Seu Astolfo chegou em casa um tanto desolado, não tirou seu chapéu antes entrar (o que chamou atenção de Maria, a faxineira, já que ele sempre o tirava antes de cruzar o portal) e sentou-se direto na sua cadeira de balanço.
- O senhor tá sentindo alguma coisa, seu Astolfo?
-Hã?! Não, não...escuta...me traz um copo d’água, por gentileza!
-Tem certeza que tá tudo bem?
-Tenho sim, só estou um pouco cansado, a fila do banco estava enorme!- (De fato a fila do banco estava realmente grande e seu Astolfo já estava mais que acostumado a enfrentar fila)
-Mas eu já disse pro senhor que quando quiser eu vou ao banco...
-Não, minha filha! Não tem necessidade!
-Vou buscar seu copo d’água.
Quando Maria voltou seu Astolfo havia mergulhado de novo em seus pensamentos. Ela estendeu o copo pra ele, que não notou. -A água.
-Ah! Agradecido!
Maria saiu da sala com um olhar desconfiado. Passou varias vezes pelo corredor sempre olhando para o velhinho que continuava a se balançar na cadeira com o copo cheio e uma expressão no rosto que fazem as pessoas quando estão tentando lembrar de algo.
O que de fato o perturbava, foi um senhor, que também estava na fila do banco, ter sido muito rude com ele sem nenhum motivo aparente. O que incomodava mais ainda Seu Astolfo era uma estranha sensação de ter conhecido esse senhor, o que não era nada estranho já que eles realmente se conheciam.

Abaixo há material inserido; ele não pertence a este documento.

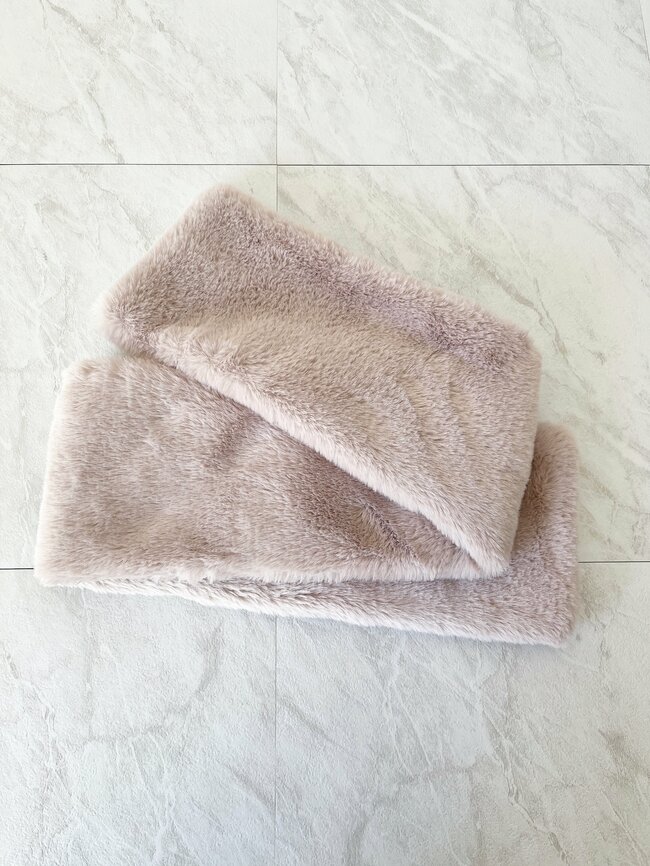 「友達に褒められた」ハニーズの“ミニサイズのマフラー”毛布みたいにフワフワだし口元まで温かい!!「色違いで購入」「本当にかわいい」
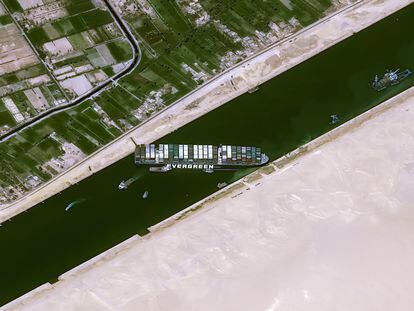 El megabuque Ever Given provocó un caos en el canal de Suez al encallar el 23 de marzo. Se tardaron seis días en desatascarlo, mientras 400 buques esperaban para atravesar la vía.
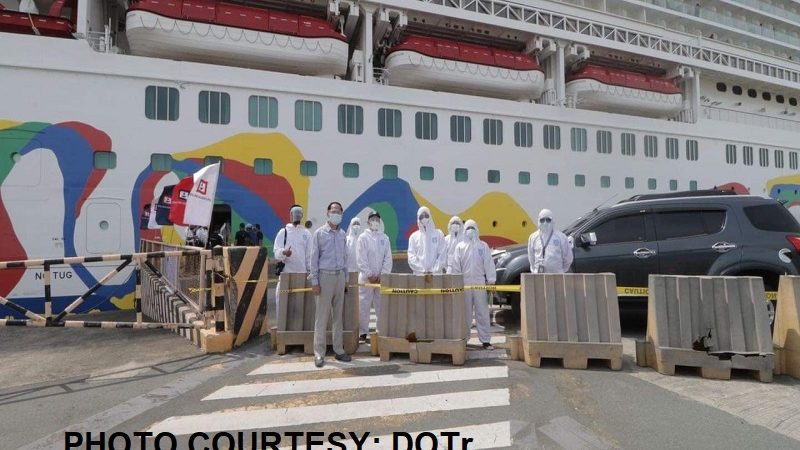 LOOK: Mahigit 1,000 crew ng isang Norwegian vessel nakababa ng barko matapos sumailalim sa quarantine at swab test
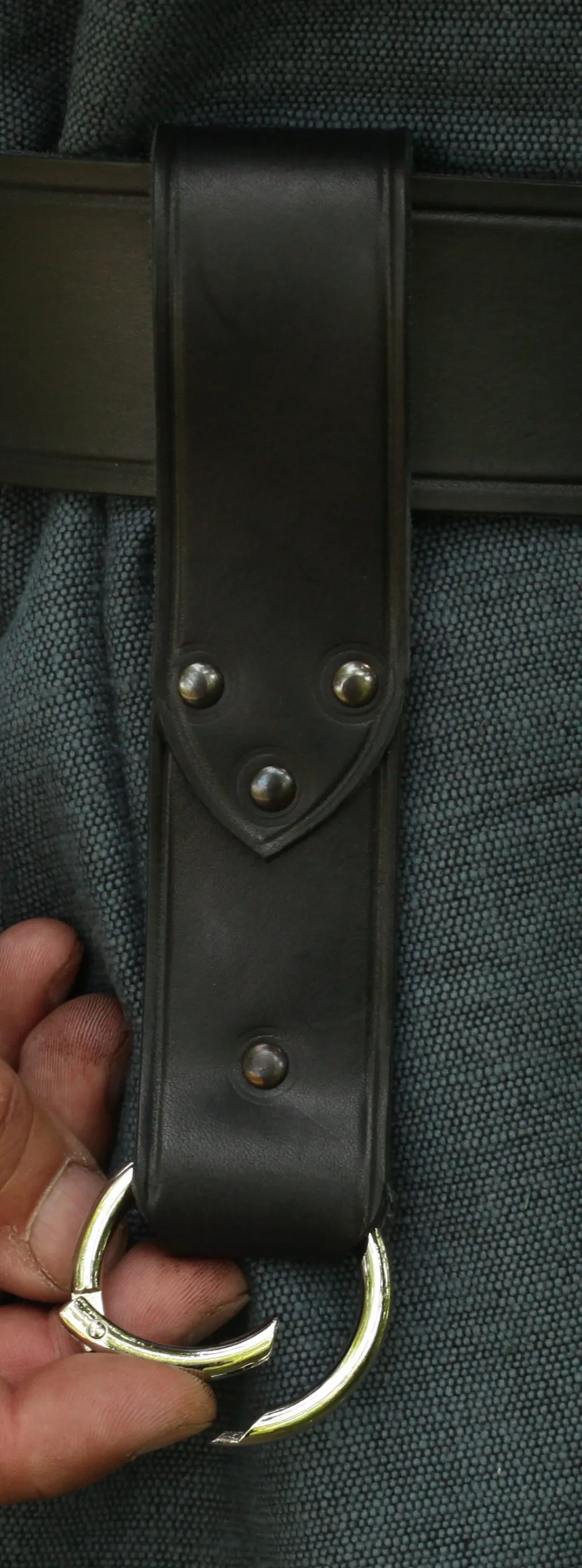 Gürtelschlaufe/Krughalter aus Leder mit Ring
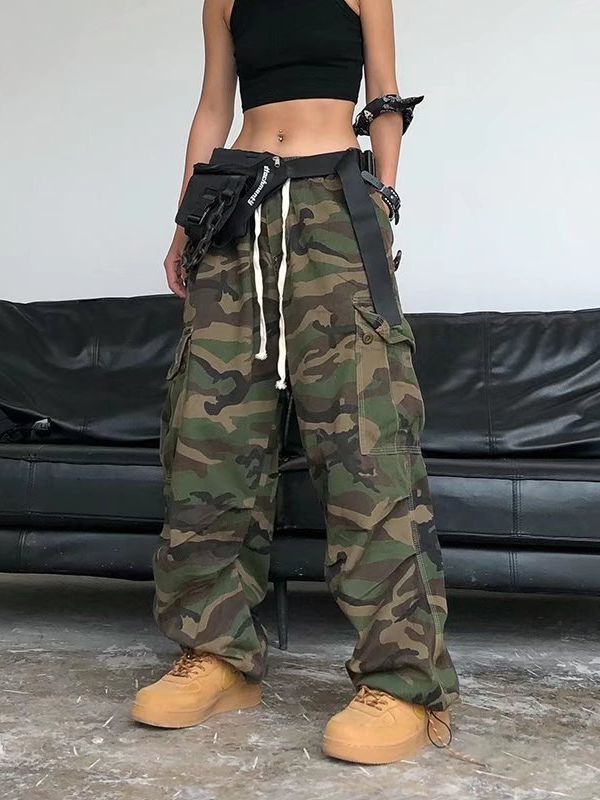 Retro Camo Baggy Cargo Pants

Em tempos passados Seu Astolfo não era Seu, nem tão pouco Astolfo era considerado nome de velho, nessa época Seu Astolfo era o grande Ast o rapaz que trabalhava na farmácia e que a noite fazia serenatas com seu violão. Nessa mesma época, morava perto da casa dele uma jovem senhorita, Elena, muito bonita, na verdade tão bonita que seu nome não precisava dos adornos do agá como letra inicial.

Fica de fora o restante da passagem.